## Your assignment
Copy every record below exactly as written, but leave out the pictures.

### Records shown

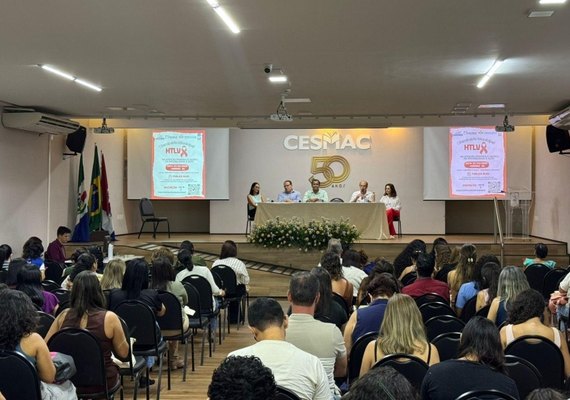 Saúde realiza 1° Seminário sobre HTLV e fortalece estratégias de enfrentamento à doença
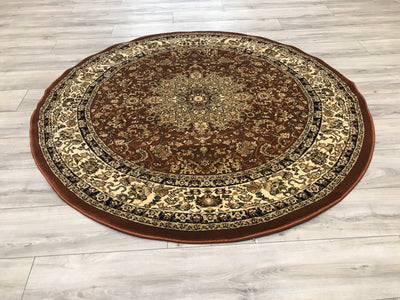 Turkish Bohemia Elegance 1M Power Loom 6x6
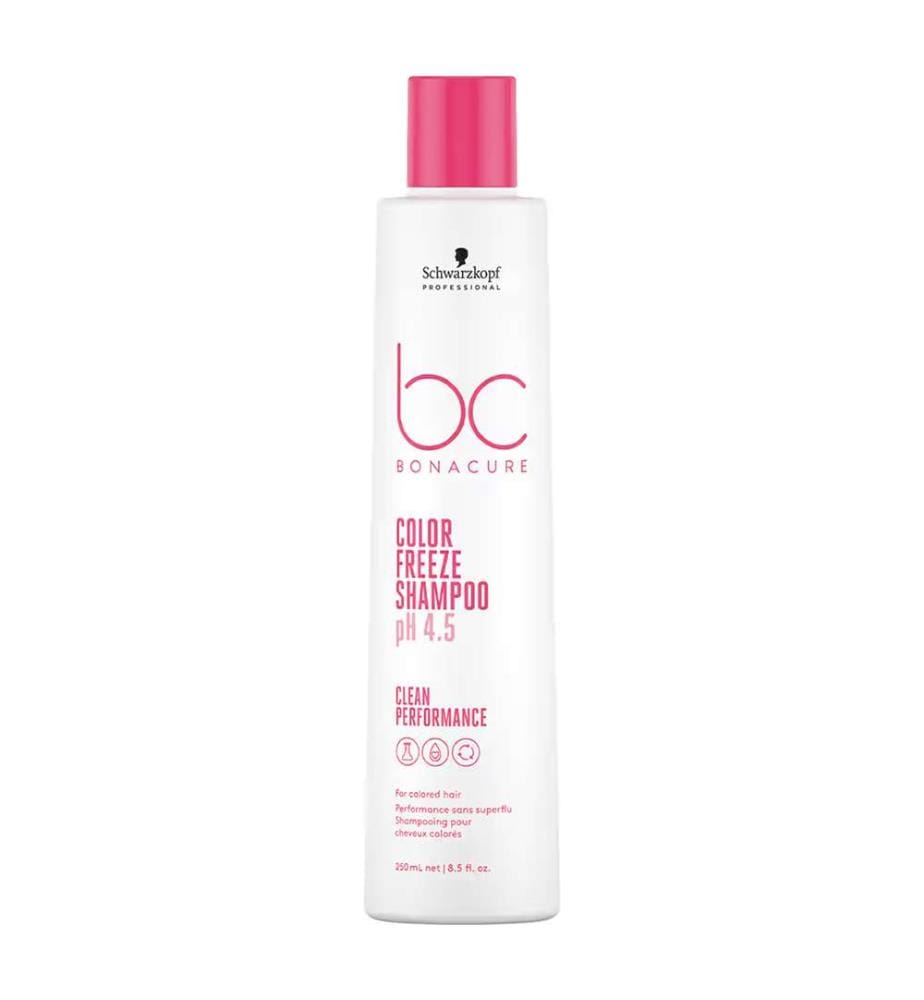 Shampoo bc BONACURE Color Freeze ph 4.5 - 250 ml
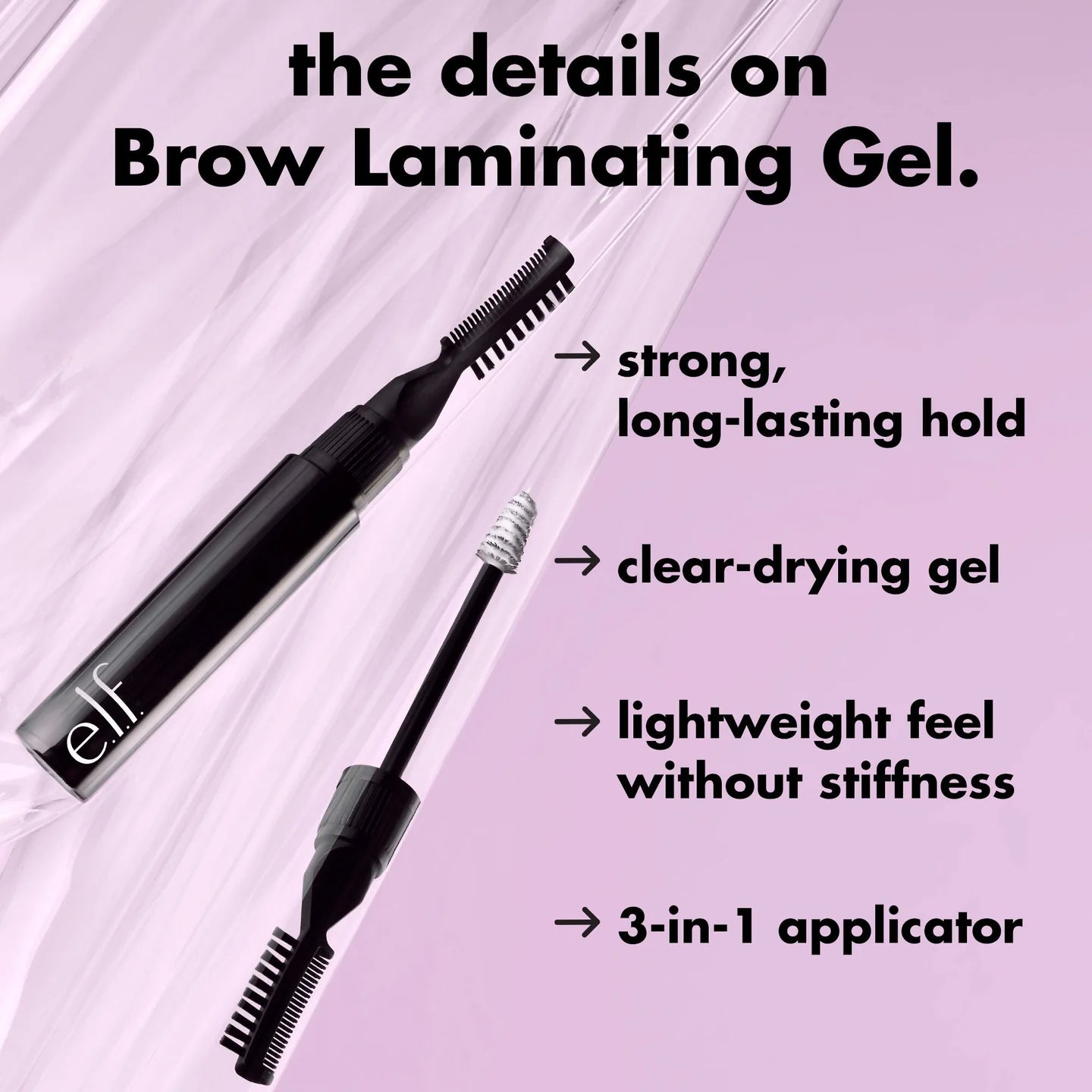 Brow Laminating Gel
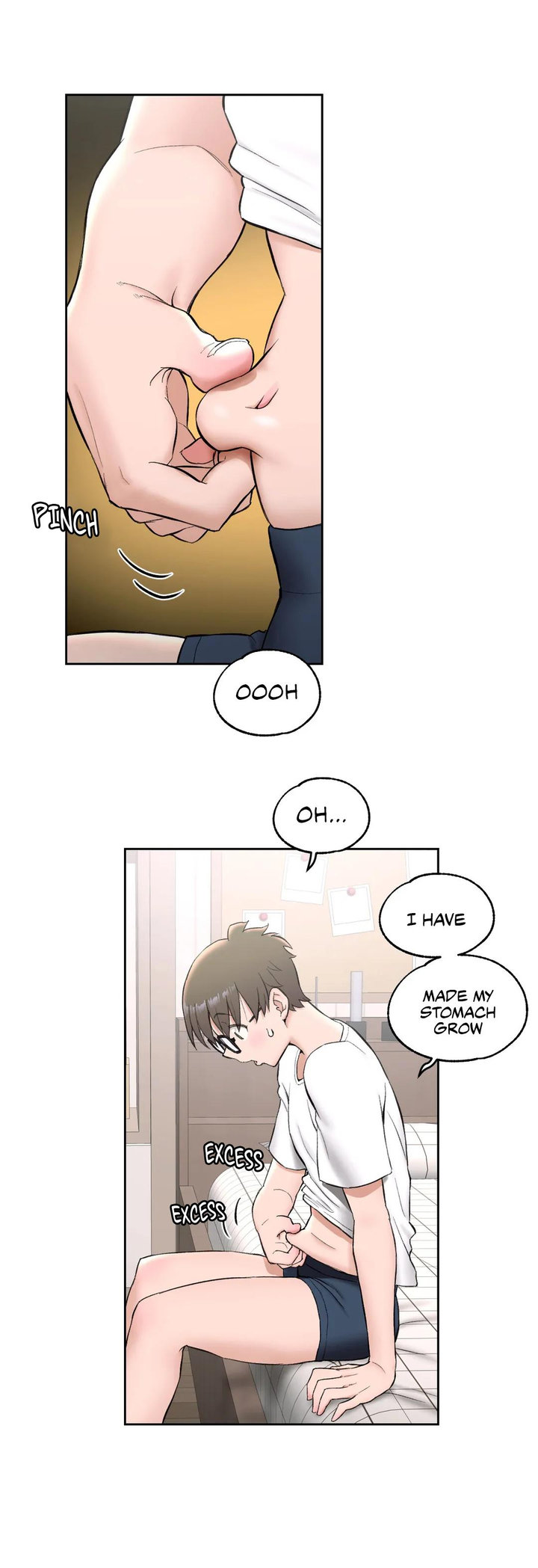 Sexercise Chapter 46 Page 3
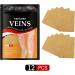 Patchs pour Varices pour les Jambes Patch Traitement Varices Patch de R paration des Varices Contre les Varices Patch Patchs Traitement de la Veine Araign e Jambe Soulager Gonflement Patch - Buy Online on GoSupps.com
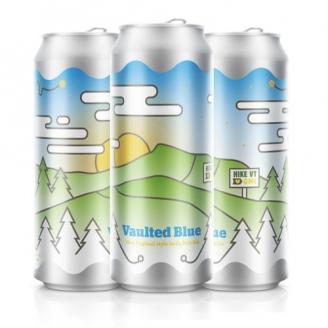 Burlington Beer Company - Vaulted Blue (12 pack cans) (12 pack cans)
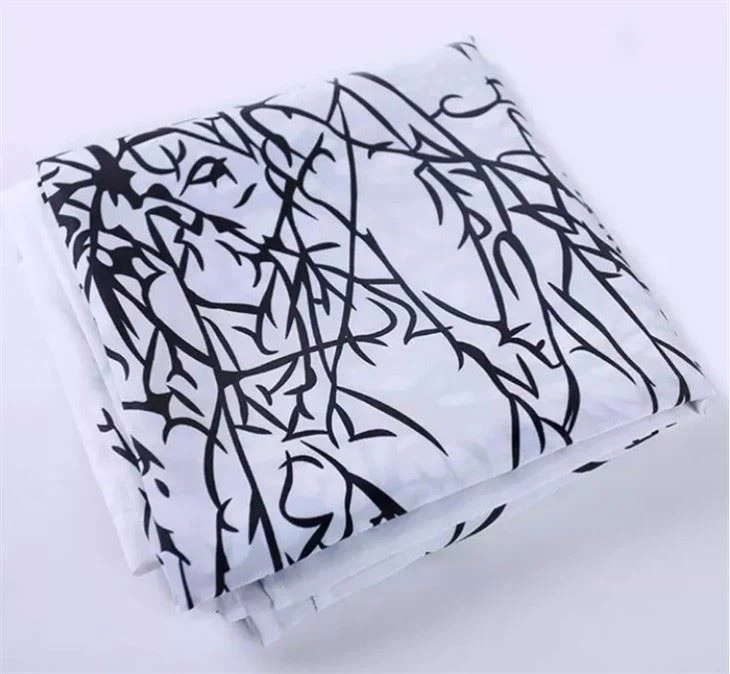 Palm Tree Shower Curtain
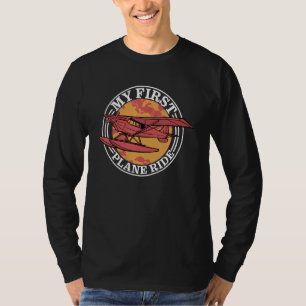 Mein erster Flug T-Shirt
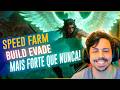 SPEED FARM - BUILD EVADE VOLTOU E ESTÁ MUITO FORTE - DIABLO 4 LORD OF HATRED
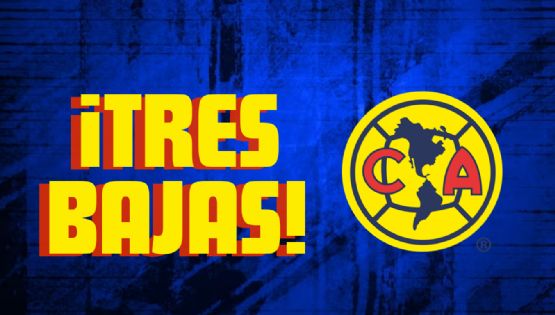 ¡CASA LLENA! El Club América TRABAJA a toda máquina con TRES jugadores DESCARTADOS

######

## Reply to the exercise
 Saúde realiza 1° Seminário sobre HTLV e fortalece estratégias de enfrentamento à doença
 Turkish Bohemia Elegance 1M Power Loom 6x6
 Shampoo bc BONACURE Color Freeze ph 4.5 - 250 ml
 Brow Laminating Gel
 Sexercise Chapter 46 Page 3
 Patchs pour Varices pour les Jambes Patch Traitement Varices Patch de R paration des Varices Contre les Varices Patch Patchs Traitement de la Veine Araign e Jambe Soulager Gonflement Patch - Buy Online on GoSupps.com
 Burlington Beer Company - Vaulted Blue (12 pack cans) (12 pack cans)
 Palm Tree Shower Curtain
 Mein erster Flug T-Shirt
 SPEED FARM - BUILD EVADE VOLTOU E ESTÁ MUITO FORTE - DIABLO 4 LORD OF HATRED
 ¡CASA LLENA! El Club América TRABAJA a toda máquina con TRES jugadores DESCARTADOS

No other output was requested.